■ Exercise brief ■
Would you retype, word for word, the line with "The sensor is" and each line after it to the end of the entries below, leaving the pictures out?

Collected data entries

☆ ☆ ☆ ☆ ☆ ☆ ☆

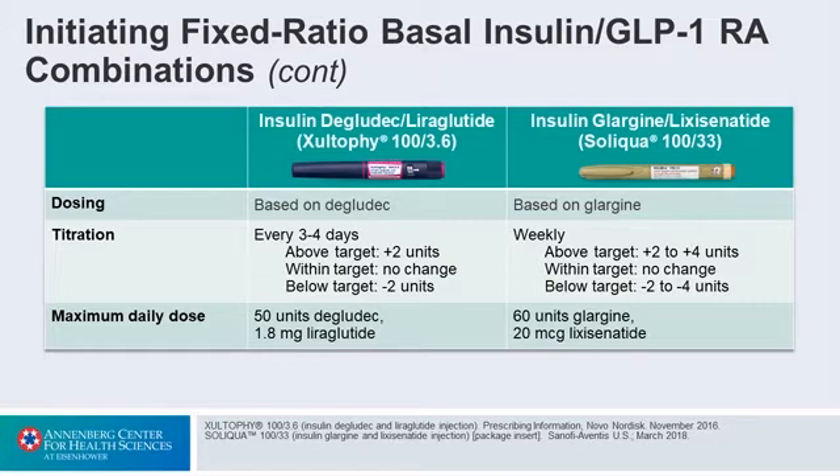Bear in mind that there's a maximum dose — you could go up to 50 units and 1.8 for Idaglira, or 60 of Glargine and 20 of Lixisenatide with Iglar-Lixi. My feeling is that that's going to be adequate for a patient like this. She did reasonably on 22 units but just needed a bit more, and it will help control her weight as well.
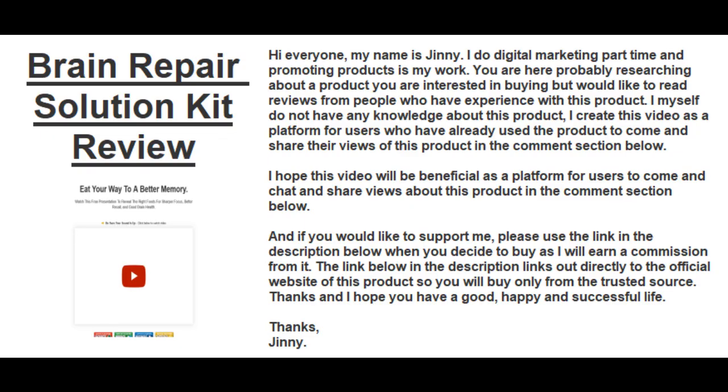Hi everyone, this video is about Brain Repair Solution Kit Review. My name is Jeannie. I do digital marketing part time and promoting products is my work. You are here probably researching about a product you are interested in buying, but would like to read reviews from people who have experience with this product.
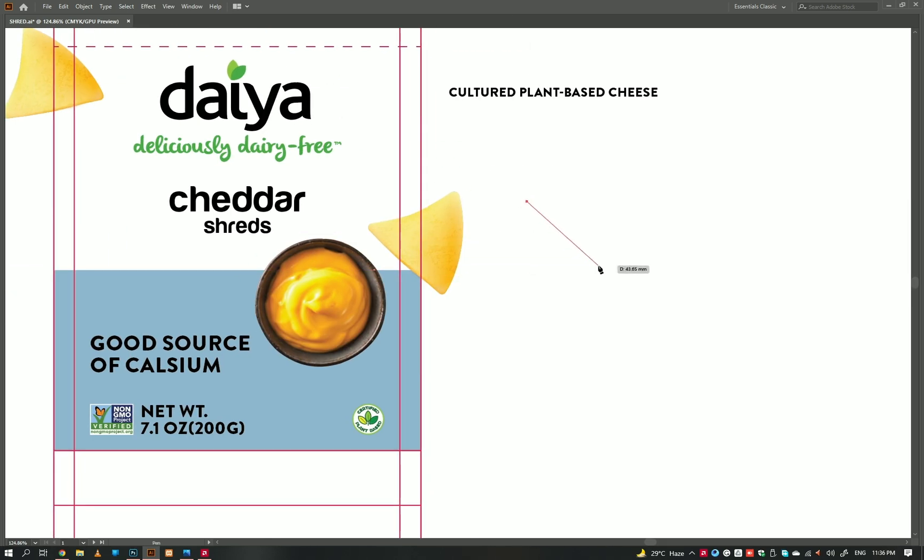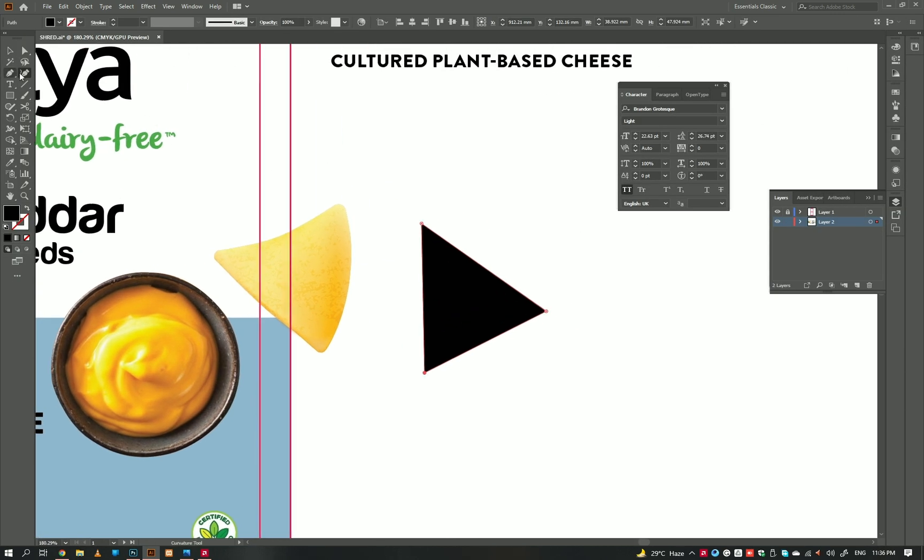Let's create a shape so that we can use it with masking and create the dripping details, because details help your design to pop more. Let's go.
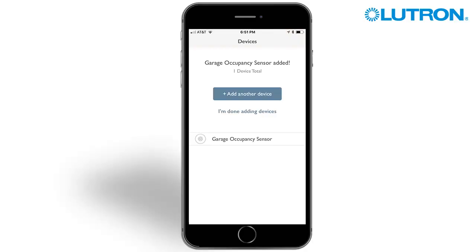The sensor is now part of the system. It will be automatically programmed to control devices in the room based on motion. By default, the sensor controls all of the lighting controls in the room that it is added to.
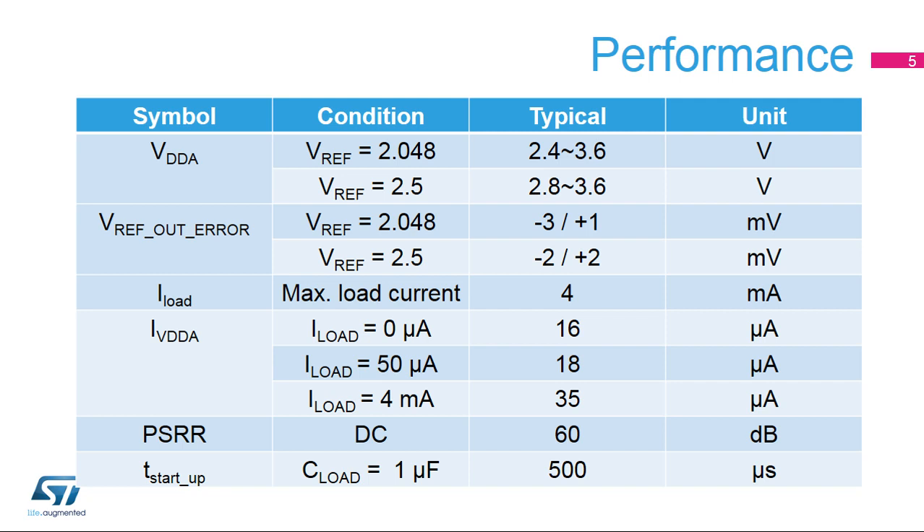This table shows some performance parameters for the VREF buffer. The VREF buffer can work from 2.4 to 3.6 volts for a 2.048 volt output, and 2.8 to 3.6 volts for a 2.5 volt output. The quiescent current is very small even with a 4 milliamp output current. It is possible to disable the VREF buffer when it is not being used.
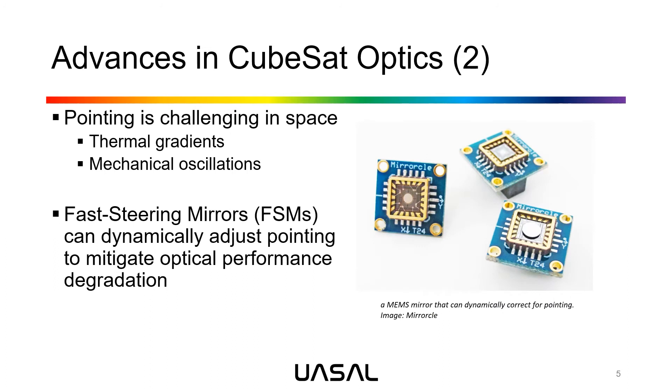Another big challenge for space optics is that pointing is very challenging to maintain. Thermal gradients across the CubeSat and any mechanical oscillations will dynamically misalign the telescope. So we introduce fast-steering mirrors into our design that use piezoelectric MEMS devices to introduce tilt into the optical beam, compensating for any tilt sensed upstream and effectively nulling misalignments resulting from thermal gradients or mechanical oscillations.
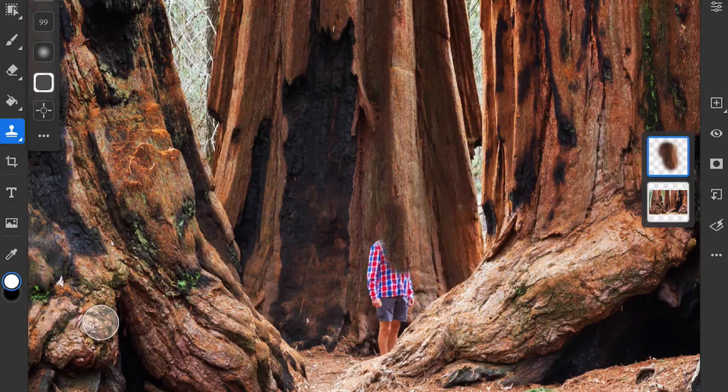If I want to set a different Clone Source point, I need to tap on the crosshair in the Tool Options bar again to activate it and then choose a different area to copy the detail from. And I'll continue to clone some of the sampled tree detail over the person. If you look at the layer thumbnail on the right, you can see that the retouching from the Clone Stamp is being placed on that separate layer.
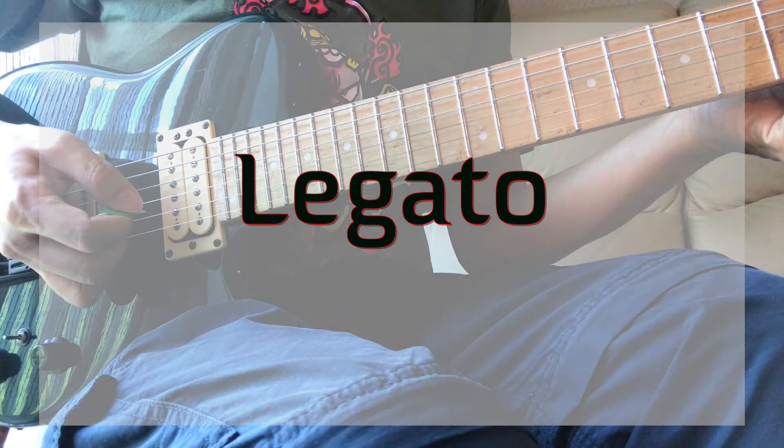We are going to use slides, hammer-ons, and pull-offs in this lick to give a smooth sound. The idea is to just pick the first note every time you cross a string. You also use a slide to extend the time you stay on a string. For example, you can actually play 5 different notes on a string by picking only once. You can stay even longer by going up and down the scale on one string.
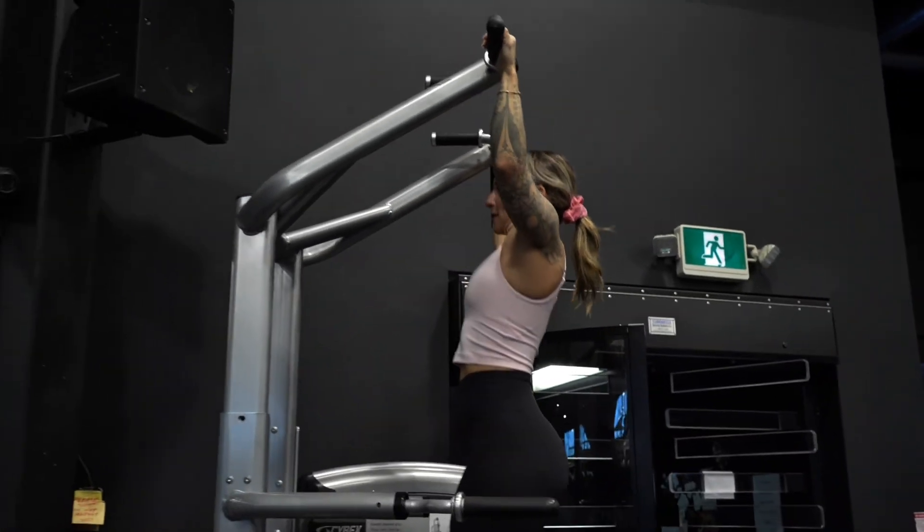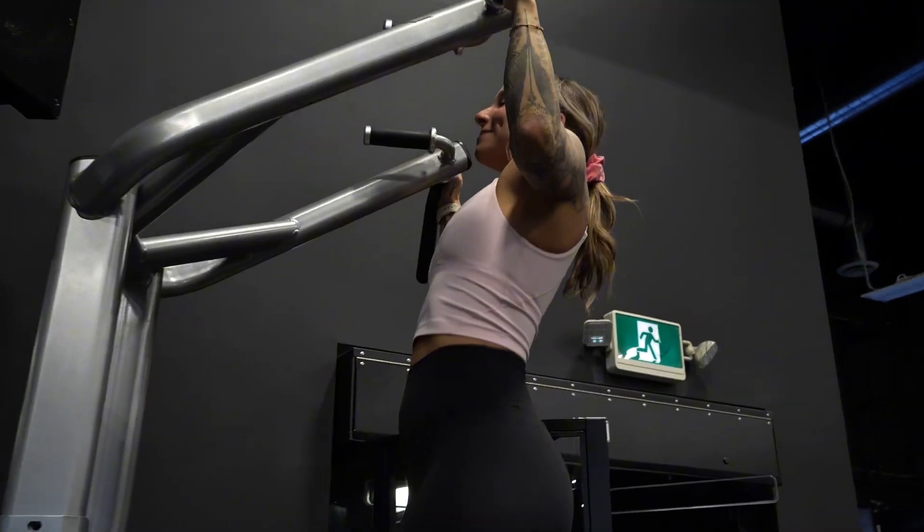As you come up, make sure to squeeze your lats, pulling yourself up, and as you come down, keep it slow and controlled.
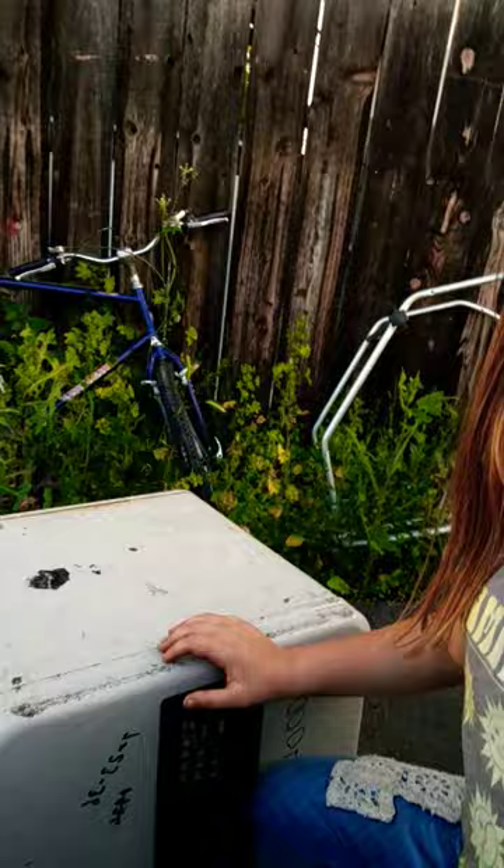So basically this is how I crack open safes if I find them. You just lift it up, slam it on the ground where the hinge is, and it'll do this.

☆ ☆ ☆ ☆ ☆ ☆ ☆

■ Exercise answer ■
The sensor is now part of the system. It will be automatically programmed to control devices in the room based on motion. By default, the sensor controls all of the lighting controls in the room that it is added to.
This table shows some performance parameters for the VREF buffer. The VREF buffer can work from 2.4 to 3.6 volts for a 2.048 volt output, and 2.8 to 3.6 volts for a 2.5 volt output. The quiescent current is very small even with a 4 milliamp output current. It is possible to disable the VREF buffer when it is not being used.
Another big challenge for space optics is that pointing is very challenging to maintain. Thermal gradients across the CubeSat and any mechanical oscillations will dynamically misalign the telescope. So we introduce fast-steering mirrors into our design that use piezoelectric MEMS devices to introduce tilt into the optical beam, compensating for any tilt sensed upstream and effectively nulling misalignments resulting from thermal gradients or mechanical oscillations.
If I want to set a different Clone Source point, I need to tap on the crosshair in the Tool Options bar again to activate it and then choose a different area to copy the detail from. And I'll continue to clone some of the sampled tree detail over the person. If you look at the layer thumbnail on the right, you can see that the retouching from the Clone Stamp is being placed on that separate layer.
We are going to use slides, hammer-ons, and pull-offs in this lick to give a smooth sound. The idea is to just pick the first note every time you cross a string. You also use a slide to extend the time you stay on a string. For example, you can actually play 5 different notes on a string by picking only once. You can stay even longer by going up and down the scale on one string.
As you come up, make sure to squeeze your lats, pulling yourself up, and as you come down, keep it slow and controlled.
So basically this is how I crack open safes if I find them. You just lift it up, slam it on the ground where the hinge is, and it'll do this.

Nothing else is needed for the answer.